Hydrology Applications Flashcards
What is catchment routing?
A technique used to predict the changes in the shape of a hydrograph as water moves through a river channel or reservoir. It can be a way of determining whether a pulse of rain reaches a city as a deluge or a trickle.
Describe the Time-Area Runoff routing method
A method of transforming a storm hyetograph to a hydrograph. It accounts for translation only and does not include storage.
In general it looks at the area of the catchment and the intensity of rainfall through it. Assuming that each area drains in a given time period.
What are the assumptions of the Time-Area Runoff method
Assumes that the hydrology computation has time intervals within the time of concentration of the catchment, and based on the time segments the catchment can be divided into corresponding sub-areas.
What is Time of Concentration (Tc)
Tc is the time required for runoff to travel from the hydraulically most distant point in the catchment to the outlet.
Define the ‘hydraulically most distant point’
Not necessarily the point furthest in distance, but the point with the
longest travel time to the outlet
Why is time of concentration important in hydrology?
Tc is a critical factor in hydrological analysis, particularly in methods for
calculating peak discharge.
Helps determine how quickly water reaches the catchment outlet during a
rainfall event.
What is the role of Tc in peak discharge calculations?
Peak discharge occurs when All sections of the catchment area are contributing to runoff simultaneously. Tc helps predict the timing of when this will happen.
Describe the Rational routing method
Widely used for estimating peak runoff in small, urban catchment areas.

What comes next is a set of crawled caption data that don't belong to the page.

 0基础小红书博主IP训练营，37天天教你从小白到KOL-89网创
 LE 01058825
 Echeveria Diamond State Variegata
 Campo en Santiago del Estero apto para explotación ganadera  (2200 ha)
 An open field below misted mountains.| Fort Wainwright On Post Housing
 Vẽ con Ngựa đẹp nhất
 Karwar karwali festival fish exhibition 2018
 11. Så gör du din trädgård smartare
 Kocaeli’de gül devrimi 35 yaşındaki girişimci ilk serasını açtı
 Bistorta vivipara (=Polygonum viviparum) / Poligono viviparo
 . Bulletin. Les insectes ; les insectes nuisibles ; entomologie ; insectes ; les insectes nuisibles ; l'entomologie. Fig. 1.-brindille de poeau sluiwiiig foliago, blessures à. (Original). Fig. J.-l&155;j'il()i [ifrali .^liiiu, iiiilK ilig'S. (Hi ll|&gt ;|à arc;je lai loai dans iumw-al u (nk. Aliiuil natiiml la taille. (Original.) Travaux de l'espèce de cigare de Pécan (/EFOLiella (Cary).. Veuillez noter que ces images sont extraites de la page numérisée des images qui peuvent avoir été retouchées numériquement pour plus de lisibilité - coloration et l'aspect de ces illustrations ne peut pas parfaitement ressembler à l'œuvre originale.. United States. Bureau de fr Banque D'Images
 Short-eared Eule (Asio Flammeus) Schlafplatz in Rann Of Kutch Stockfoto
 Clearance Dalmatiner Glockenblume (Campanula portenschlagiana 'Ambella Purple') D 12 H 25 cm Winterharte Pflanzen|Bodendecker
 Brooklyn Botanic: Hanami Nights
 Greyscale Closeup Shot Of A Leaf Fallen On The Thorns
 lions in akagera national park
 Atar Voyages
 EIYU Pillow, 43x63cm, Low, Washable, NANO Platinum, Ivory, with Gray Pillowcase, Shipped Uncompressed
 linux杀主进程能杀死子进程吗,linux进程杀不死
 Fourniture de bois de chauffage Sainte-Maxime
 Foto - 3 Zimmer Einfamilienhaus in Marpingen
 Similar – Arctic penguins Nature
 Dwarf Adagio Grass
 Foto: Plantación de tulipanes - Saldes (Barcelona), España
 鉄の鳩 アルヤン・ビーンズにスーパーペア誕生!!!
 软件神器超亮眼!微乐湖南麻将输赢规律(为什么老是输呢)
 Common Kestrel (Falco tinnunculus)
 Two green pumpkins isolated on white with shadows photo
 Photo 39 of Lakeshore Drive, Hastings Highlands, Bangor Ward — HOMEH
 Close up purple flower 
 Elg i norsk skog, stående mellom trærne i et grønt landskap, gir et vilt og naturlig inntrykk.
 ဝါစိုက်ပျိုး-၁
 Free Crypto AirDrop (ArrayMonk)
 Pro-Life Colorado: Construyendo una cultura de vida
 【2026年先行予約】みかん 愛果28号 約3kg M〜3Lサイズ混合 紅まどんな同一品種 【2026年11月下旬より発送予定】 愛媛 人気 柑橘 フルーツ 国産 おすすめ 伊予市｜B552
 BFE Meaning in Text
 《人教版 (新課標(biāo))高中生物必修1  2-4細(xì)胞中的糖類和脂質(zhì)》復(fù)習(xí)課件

Gives a general, simplified understanding of the peak flow.
Typically applied to areas with uniform surface cover (e.g., car parks, rooftops).
Helps in the design of storm sewers, channels, and stormwater
structures.
What is the Rational Method equation?
Q=CiA
Where:
Q = Peak runoff (cumecs)
C = Runoff coefficient
i = Average rainfall intensity (m/s)
A = Catchment area (m^2)
What are the limitations of the rational method?
Provides only peak discharge, no full runoff hydrograph (flow variation over time).
May overestimate flow for larger, complex catchments areas.
Assumes uniform rainfall over the catchment.
Results can vary between users due to subjective inputs - eg for the runoff coefficient.
Briefly describe the SCS Triangular Unit Hydrograph
To use a SCS UH you only need to determine the time to peak (Tp) and peak discharge (Qp).
Time concentration, tc (hours)
Duration of effective rainfall, tr (hours)
Lag time, tp (hours) = 0.6tc
Time to peak, Tp (hours) = tr/2 + tp
Peak discharge (cumecs) = 2.08A/Tp
Base time, tb (hours) = 2.67Tp
Base time (hours) can be calculated knowing the LHS of the triangle is 37.5% of the total
What is a frequency analysis?
Evaluates the relationship between:
* Return Period (T) and
* Magnitude of Hydrological Events
What events is a frequency analysis used to estimate?
Used to estimate events like:
* Peak flow discharge
* Rainfall depth or intensity
Designing a bridge for a 1-in-100-year flood, we can find the design discharge
What is the return period (T)?
Average interval between occurrences of a particular event, e.g. a 1-100 year flood
A 1-in-100-year flood does not mean it will happen once every
100 years, floods are not evenly spaced over time. The return period predicts probability, not timing.
What is the annual probability (P%)?
Likelihood of event happening in any
given year.
P% = 100 / Return period (T)
1-in-100-year flood → 1% chance of occurrence each year